Following up on IRAQ IN FRAGMENTS, Longley produced and filmed the feature documentary ANGELS ARE MADE OF LIGHT in Afghanistan. The film, following life in a school over three years, makes Afghan reality accessible by giving the audience a human-scale entry point - the world of a neighborhood school in Kabul - through which the larger context of Afghan society and history may be more clearly understood.
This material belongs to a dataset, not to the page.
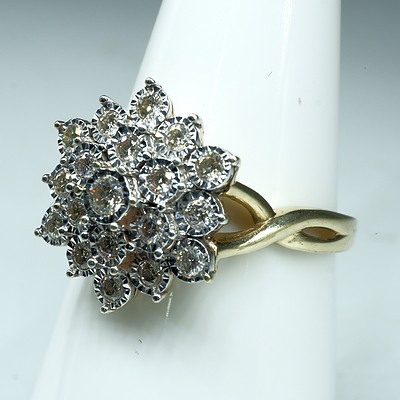 9ct Yellow and White Gold Diamond Cluster Ring, 0.42ct (I P2), 3.65g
Reviewing ANGELS ARE MADE OF LIGHT in the Los Angeles Times in 2019, film critic Kenneth Turan wrote: “What is life like on the ground for ordinary people in another culture, another world? That’s been the bread and butter of observational documentaries for forever, but almost never is it done with the kind of beauty and grace filmmaker James Longley brings to his Afghanistan-set ANGELS ARE MADE OF LIGHT. As his 2006 Oscar-nominated IRAQ IN FRAGMENTS demonstrated, MacArthur Fellow Longley, who serves as his own cinematographer as well as directs, has an almost magical ability to envelope us in other realities. He does it via the poetry of his imagery as well as a gift for focused illumination that creates empathetic portraits of people who are both ordinary and intensely involving."

After a festival run starting at Telluride, TIFF and the New York Film Festival, ANGELS ARE MADE OF LIGHT opened theatrically at Film Forum and was the New York Times’ Critic’s Pick.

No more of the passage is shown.